## PROBLEM TO WORK ON
Make an exact copy of every record that follows.

## MATERIAL PROVIDED
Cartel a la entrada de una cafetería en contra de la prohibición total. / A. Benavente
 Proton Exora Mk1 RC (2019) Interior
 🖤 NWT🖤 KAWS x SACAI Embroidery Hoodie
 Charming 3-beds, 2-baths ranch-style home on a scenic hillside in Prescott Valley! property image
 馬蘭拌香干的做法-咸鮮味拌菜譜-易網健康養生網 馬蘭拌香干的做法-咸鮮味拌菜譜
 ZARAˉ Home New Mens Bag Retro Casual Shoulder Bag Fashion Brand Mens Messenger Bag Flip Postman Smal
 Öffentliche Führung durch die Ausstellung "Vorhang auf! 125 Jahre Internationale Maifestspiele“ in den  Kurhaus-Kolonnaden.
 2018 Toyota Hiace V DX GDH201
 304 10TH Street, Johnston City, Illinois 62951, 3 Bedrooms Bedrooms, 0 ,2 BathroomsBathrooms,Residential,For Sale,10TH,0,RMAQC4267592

## EXERCISE RESPONSE
Cartel a la entrada de una cafetería en contra de la prohibición total. / A. Benavente
 Proton Exora Mk1 RC (2019) Interior
 🖤 NWT🖤 KAWS x SACAI Embroidery Hoodie
 Charming 3-beds, 2-baths ranch-style home on a scenic hillside in Prescott Valley! property image
 馬蘭拌香干的做法-咸鮮味拌菜譜-易網健康養生網 馬蘭拌香干的做法-咸鮮味拌菜譜
 ZARAˉ Home New Mens Bag Retro Casual Shoulder Bag Fashion Brand Mens Messenger Bag Flip Postman Smal
 Öffentliche Führung durch die Ausstellung "Vorhang auf! 125 Jahre Internationale Maifestspiele“ in den  Kurhaus-Kolonnaden.
 2018 Toyota Hiace V DX GDH201
 304 10TH Street, Johnston City, Illinois 62951, 3 Bedrooms Bedrooms, 0 ,2 BathroomsBathrooms,Residential,For Sale,10TH,0,RMAQC4267592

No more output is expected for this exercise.